[Start of section]

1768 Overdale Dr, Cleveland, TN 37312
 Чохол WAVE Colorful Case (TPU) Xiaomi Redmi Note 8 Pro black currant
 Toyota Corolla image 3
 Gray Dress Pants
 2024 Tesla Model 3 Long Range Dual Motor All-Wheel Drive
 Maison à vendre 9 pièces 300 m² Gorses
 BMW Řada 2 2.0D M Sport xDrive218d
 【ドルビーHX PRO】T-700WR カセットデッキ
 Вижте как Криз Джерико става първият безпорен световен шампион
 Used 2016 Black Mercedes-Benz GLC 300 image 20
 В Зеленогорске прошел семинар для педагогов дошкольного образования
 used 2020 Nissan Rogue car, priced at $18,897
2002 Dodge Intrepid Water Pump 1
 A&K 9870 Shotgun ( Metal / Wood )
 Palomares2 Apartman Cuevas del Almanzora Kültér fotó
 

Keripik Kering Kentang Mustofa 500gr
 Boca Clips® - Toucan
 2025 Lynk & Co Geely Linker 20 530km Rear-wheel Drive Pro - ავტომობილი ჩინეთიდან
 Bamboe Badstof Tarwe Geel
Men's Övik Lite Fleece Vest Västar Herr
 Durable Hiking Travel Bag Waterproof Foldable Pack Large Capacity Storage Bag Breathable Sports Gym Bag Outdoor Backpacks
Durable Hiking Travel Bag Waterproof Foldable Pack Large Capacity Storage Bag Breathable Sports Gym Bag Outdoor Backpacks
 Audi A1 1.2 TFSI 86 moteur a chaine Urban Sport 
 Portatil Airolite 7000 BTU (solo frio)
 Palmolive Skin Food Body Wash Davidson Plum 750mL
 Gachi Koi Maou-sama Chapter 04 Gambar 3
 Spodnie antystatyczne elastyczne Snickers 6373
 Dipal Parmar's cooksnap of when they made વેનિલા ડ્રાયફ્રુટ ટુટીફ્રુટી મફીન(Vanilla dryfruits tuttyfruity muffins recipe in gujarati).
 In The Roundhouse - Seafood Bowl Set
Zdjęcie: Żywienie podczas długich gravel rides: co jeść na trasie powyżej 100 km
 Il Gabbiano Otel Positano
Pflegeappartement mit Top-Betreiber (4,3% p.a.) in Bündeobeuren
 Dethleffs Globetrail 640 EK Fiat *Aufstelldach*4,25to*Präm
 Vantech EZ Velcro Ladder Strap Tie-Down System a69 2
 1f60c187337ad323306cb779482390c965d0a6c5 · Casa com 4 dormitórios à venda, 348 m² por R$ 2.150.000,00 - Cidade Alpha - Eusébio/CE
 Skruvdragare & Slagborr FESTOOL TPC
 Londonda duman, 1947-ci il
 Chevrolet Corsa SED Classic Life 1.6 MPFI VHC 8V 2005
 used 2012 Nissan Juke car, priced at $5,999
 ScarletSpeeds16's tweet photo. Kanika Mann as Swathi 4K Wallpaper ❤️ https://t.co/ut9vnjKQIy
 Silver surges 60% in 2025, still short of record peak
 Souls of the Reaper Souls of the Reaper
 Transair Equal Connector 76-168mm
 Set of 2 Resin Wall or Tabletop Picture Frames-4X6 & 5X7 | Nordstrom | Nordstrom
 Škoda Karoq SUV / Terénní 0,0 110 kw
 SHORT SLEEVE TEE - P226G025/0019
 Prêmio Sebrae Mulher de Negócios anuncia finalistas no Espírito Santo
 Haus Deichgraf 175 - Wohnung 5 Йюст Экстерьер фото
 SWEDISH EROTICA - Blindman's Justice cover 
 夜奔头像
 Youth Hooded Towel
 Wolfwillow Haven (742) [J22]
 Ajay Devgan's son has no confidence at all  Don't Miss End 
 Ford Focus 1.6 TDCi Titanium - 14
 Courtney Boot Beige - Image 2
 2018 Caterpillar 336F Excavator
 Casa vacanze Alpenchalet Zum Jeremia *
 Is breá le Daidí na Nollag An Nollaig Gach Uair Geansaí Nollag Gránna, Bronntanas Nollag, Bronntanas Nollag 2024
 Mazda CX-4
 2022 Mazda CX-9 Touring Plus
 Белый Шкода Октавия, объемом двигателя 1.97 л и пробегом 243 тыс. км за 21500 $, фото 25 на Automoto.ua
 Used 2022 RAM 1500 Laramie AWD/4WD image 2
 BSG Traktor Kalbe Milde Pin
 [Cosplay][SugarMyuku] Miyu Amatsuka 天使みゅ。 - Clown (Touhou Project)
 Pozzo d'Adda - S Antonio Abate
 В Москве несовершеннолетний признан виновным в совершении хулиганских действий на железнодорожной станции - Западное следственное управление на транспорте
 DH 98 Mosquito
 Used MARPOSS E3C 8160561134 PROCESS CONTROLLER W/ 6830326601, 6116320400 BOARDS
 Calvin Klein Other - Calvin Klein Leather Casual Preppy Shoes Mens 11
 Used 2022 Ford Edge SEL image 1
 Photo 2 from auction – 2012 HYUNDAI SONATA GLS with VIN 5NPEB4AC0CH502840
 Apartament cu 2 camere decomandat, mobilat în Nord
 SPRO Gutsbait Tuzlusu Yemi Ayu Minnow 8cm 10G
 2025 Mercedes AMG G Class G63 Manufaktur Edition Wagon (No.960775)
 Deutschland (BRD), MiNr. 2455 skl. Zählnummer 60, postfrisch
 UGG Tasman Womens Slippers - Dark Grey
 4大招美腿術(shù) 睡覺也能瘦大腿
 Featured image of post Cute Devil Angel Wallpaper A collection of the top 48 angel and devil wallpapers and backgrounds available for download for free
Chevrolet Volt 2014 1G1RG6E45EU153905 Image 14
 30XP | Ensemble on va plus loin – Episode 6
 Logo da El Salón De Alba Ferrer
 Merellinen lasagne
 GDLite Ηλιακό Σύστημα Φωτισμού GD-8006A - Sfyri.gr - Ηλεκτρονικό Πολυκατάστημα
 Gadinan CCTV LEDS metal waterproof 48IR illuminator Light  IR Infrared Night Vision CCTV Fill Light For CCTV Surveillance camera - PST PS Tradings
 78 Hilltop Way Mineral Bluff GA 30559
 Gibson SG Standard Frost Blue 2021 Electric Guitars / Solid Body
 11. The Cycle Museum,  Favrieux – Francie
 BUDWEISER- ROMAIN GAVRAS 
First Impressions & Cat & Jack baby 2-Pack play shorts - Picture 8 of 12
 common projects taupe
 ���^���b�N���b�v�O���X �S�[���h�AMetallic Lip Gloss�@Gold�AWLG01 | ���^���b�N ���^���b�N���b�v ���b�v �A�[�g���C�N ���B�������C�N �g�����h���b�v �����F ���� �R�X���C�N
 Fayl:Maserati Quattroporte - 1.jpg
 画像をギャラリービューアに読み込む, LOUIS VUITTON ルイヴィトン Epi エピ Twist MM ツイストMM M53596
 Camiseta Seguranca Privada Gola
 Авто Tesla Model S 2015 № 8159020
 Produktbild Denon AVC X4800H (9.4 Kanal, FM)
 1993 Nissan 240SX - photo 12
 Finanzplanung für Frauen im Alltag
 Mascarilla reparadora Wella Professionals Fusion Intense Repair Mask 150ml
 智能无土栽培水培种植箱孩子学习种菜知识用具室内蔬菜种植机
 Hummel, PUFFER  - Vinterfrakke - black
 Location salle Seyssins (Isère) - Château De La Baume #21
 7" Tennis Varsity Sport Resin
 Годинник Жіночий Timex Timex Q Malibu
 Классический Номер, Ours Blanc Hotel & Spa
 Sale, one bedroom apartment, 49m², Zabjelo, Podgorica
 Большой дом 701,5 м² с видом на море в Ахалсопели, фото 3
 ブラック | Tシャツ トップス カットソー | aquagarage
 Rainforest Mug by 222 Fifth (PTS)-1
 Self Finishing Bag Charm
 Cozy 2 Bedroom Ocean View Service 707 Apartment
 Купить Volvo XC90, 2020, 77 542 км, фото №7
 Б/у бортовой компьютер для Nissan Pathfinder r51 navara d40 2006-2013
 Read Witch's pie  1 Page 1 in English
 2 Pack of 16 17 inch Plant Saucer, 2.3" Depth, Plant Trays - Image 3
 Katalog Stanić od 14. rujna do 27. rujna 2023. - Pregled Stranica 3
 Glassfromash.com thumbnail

[End of section]

Work order. Copy the records above exactly, beginning at the line that contains "Bamboe Badstof Tarwe Geel" and stopping after the line that contains "Palmolive Skin Food".

Result of this task.
 Bamboe Badstof Tarwe Geel
Men's Övik Lite Fleece Vest Västar Herr
 Durable Hiking Travel Bag Waterproof Foldable Pack Large Capacity Storage Bag Breathable Sports Gym Bag Outdoor Backpacks
Durable Hiking Travel Bag Waterproof Foldable Pack Large Capacity Storage Bag Breathable Sports Gym Bag Outdoor Backpacks
 Audi A1 1.2 TFSI 86 moteur a chaine Urban Sport 
 Portatil Airolite 7000 BTU (solo frio)
 Palmolive Skin Food Body Wash Davidson Plum 750mL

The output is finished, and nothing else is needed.